In all other respects, the provisions of the Gesetz zum Schutz vor schädlichen Umwelteinwirkungen durch Luftverunreinigungen, Geräusche, Erschütterungen und ähnliche Vorgänge (Bundesimmissionsschutzgesetz – Act for the Protection against Harmful Environmental Effects Caused by Air Pollution, Noise, Vibration and Similar Factors – Federal Ambient Pollution Control Act) as well as the relevant implementing regulations will apply. In addition, an implementing regulation for the Kreislaufwirtschafts- und Abfallgesetz (Recycling and Waste Management Act), which will deal with the treatment of waste wood, is in the process of being prepared.
The scope of application of the Act also covers biogas which is generated elsewhere and fed into the gas network when such biogas is used for electricity generation, providing that proof is furnished of the origin of this gas and providing that there are calculations which prove that the energy content of the gas quantity used is equal to the energy content of the biogas quantity fed into the network.
The scope of application of the Act is extended to include the exclusive economic area located outside the 12-mile zone in order to facilitate the implementation of offshore wind projects in this area.
The term “grid operator” is used as defined in the Gesetz über
die Elektrizitäts- und Gasversorgung (Electricity and Gas Supply Act).

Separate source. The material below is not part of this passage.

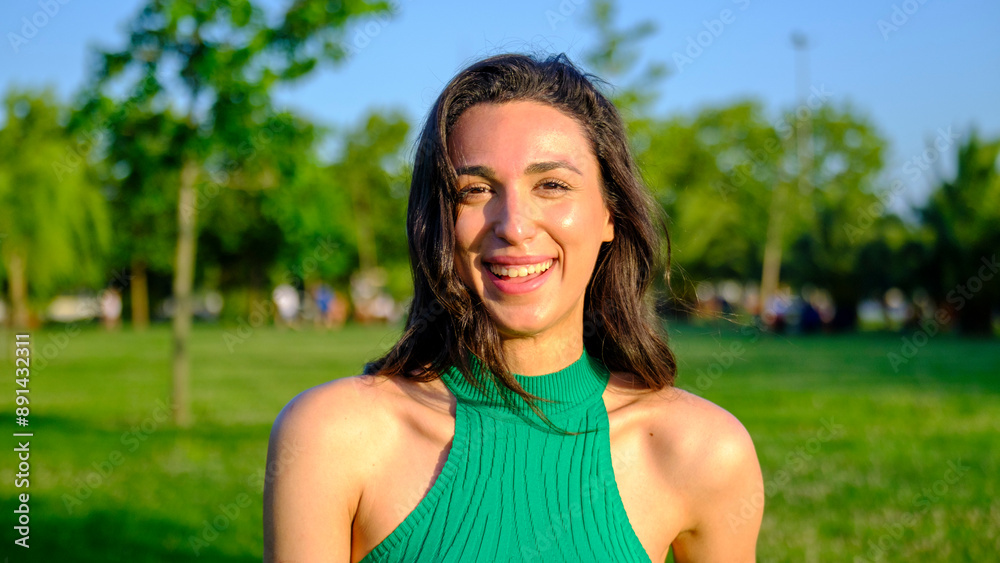 A young brunette woman laughs looking at the camera in a scenic park A young brunette woman laughs looking at the camera in a scenic park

It should be emphasised that only operators of public supply grids are
obliged to purchase and pay compensation for electricity fed into their
Paragraph 2 specifies electricity generation installations which are excluded from the scope of application of this Act. Like the Electricity Feed Act, the present Act does not cover large-scale hydro-electric power plants, as well as large installations generating electricity from landfill gas and gas from sewage treatment plants. On the one hand, this is because it can be assumed that large-scale installations can be operated cost-effectively even without being included in the scope of application of this Act; and on the other hand, it is intended that especially decentralised smaller installations should become the pillar of future energy supply.
As far as electricity generation from biomass is concerned, this Act covers a wider range of installations than previous legislation. The scope of application covers biomass installations with a capacity of up to 20 megawatts in order to tap additional potential and mobilise efficiency reserves.
In addition, physically separate installations will be treated separately in terms of the scope of application, even if they use a common line to feed in electricity.
In the interest of equal treatment, the scope of application now also covers installations operated by electricity producers which had been excluded in the past. The “unbundling” of the activities of producers, regional grid operators and distributors, which the new energy legislation calls for, legally puts producers of electricity from renewable energy sources on an equal footing with conventional electricity producers. As a result, all producers will be motivated to invest in renewable energy sources.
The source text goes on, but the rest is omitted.